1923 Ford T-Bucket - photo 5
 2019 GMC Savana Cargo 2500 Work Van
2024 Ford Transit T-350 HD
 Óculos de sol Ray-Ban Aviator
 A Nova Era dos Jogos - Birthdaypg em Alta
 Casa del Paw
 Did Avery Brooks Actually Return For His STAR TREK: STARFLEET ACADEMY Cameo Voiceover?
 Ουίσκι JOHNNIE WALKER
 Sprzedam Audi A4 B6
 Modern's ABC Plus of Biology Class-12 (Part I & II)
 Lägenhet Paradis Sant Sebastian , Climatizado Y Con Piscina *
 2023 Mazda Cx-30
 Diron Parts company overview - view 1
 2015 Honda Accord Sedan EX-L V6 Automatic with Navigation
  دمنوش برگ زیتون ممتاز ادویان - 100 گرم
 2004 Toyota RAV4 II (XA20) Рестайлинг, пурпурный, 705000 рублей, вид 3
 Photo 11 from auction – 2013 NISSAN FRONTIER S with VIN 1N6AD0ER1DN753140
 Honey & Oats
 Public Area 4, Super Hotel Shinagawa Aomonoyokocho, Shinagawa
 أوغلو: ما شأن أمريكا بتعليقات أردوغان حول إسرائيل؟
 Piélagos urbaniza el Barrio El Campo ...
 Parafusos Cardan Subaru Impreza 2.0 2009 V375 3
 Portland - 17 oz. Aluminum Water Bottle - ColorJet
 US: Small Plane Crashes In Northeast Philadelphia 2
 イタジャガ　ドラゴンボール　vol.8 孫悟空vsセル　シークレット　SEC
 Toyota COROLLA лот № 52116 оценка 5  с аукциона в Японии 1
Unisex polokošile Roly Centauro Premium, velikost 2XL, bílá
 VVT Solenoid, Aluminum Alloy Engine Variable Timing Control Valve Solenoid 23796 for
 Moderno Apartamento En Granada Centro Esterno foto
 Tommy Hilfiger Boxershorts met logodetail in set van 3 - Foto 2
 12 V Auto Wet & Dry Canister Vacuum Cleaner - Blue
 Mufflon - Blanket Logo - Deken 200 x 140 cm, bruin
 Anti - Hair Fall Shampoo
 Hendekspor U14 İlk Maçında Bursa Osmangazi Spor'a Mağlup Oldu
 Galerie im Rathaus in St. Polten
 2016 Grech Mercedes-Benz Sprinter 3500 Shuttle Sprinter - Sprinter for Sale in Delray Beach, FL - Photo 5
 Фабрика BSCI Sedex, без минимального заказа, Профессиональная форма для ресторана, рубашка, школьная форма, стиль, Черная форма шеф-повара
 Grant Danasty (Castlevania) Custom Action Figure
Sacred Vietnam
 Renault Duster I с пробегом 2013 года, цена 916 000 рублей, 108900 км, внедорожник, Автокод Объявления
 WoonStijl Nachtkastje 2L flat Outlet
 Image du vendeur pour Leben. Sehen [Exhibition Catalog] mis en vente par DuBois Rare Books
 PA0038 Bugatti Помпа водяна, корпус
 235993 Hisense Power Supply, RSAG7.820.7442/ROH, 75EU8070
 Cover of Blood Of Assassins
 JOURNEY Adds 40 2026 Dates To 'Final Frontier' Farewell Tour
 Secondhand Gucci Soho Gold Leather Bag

- - -

WHAT NEEDS TO BE DONE:
Extract every line above containing the word "рублей".

RESULT OF THIS TASK:
 2004 Toyota RAV4 II (XA20) Рестайлинг, пурпурный, 705000 рублей, вид 3
 Renault Duster I с пробегом 2013 года, цена 916 000 рублей, 108900 км, внедорожник, Автокод Объявления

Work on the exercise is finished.